Louisville Lessons

Summer 2013 is officially done. Over. In the books. We have returned from our final road trip of the season and school starts in one week which means, I hope to be unpacked by then. I’m not sure though.

We ended our summer with a visit to my parents’ home in Louisville, Kentucky. Besides the obvious joy of seeing my mother and father spending time with my children, visiting my parents is super fun because they so graciously feed us excellently prepared food (there was a full Thanksgiving feast!), their house is about 1,000 times cleaner than my own (I can walk around barefoot without cringing!) and they have a basement which is stocked with toys (we don’t have a basement so it is a novelty, a time-burning novelty!).

When we weren’t relishing in the first-floor quiet that comes when you banish children to the basement, we really enjoyed visiting both the Kentucky Horse Park and My Old Kentucky Home State Park. If you live in Louisville and have never been or are visiting the area with kids, I highly recommend both stops. (They meet every requirement on our scale.)

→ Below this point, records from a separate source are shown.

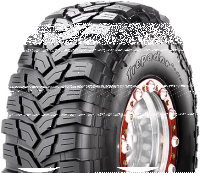 Maxxis Trepador (M8060) 205 R16C 110Q   M+S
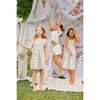 Sunny Dress, Vintage Floral - Dresses - 6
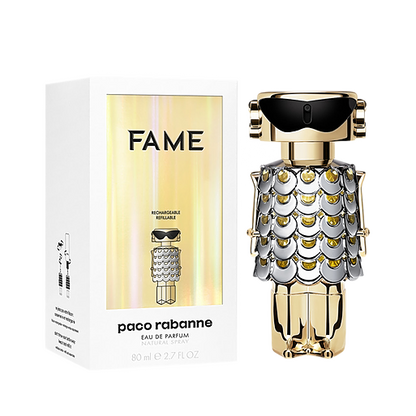 Paco Rabanne FAME (Eau de parfum) -100ML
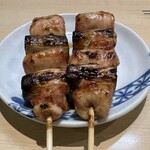 炭火やきとり 酒々屋 - 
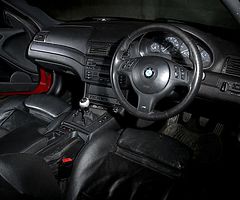 BMW 320cd NCT - Image 8/10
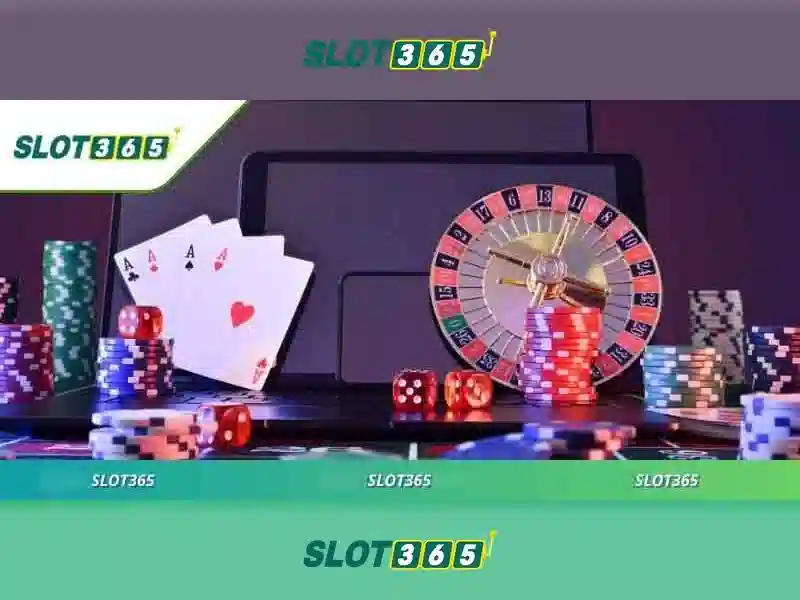 Slot365 là nền tảng chơi xèng trực tuyến uy tín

Since I’ve had a lifelong passion for horses, my enthusiasm for the Kentucky Horse Park may be a bit heavily weighted but I really do believe the proximity to the animals and the facilities are worth a visit. Besides the obvious pony rides and obligatory playground, they put on a really interesting riding demonstration in the main ring with horses from around the world. The riders dress in appropriate regional costumes and the commentary is quite informative. The kids were completely entranced, especially since the horses were passing directly in front of them.

This horse stands at about 6'2"!

This horse stands at about 6’2″ and could eat Millie for lunch.

There’s also a well done children’s barn with hands-on activities, demonstrations and assorted information about horses. You can wander through a couple of museums on the property as well. Mostly, it’s just a beautiful piece of Lexington countryside to explore.


This was well before everyone melted from all of the walking. Were we this weak as children?

When faced with the awesomeness of getting to actually pet, talk to and possibly kiss a quarter horse standing directly in front of him, Charlie paused, pointed to the golf carts off in the distance and requested to ride those instead. Also, he would want you to know that there were tractors there.


There might have been a scene shortly after this picture was taken when a certain someone realized he wasn’t allowed to climb on the tractor. But, I’m not pointing fingers or anything.

On our last day in Kentucky, we managed a visit to Bardstown and My Old Kentucky Home State Park. The park is home to Federal Hill, a mansion once owned by the Rowan family from the time it was built in the late 1700s until it was sold to the state in 1922. The home is really quite beautiful and lovingly preserved. A kind local docent in period costume guides you from room to room while you learn horrifying facts about what life was like back then. Like how they lost eight family members, eight slaves and two nuns in 24 hours to a cholera outbreak. Or, how their married 17-year-old daughter died in childbirth. It makes you clutch your pearls with the hardness of it all and reinforces why I shouldn’t complain when our air conditioning breaks.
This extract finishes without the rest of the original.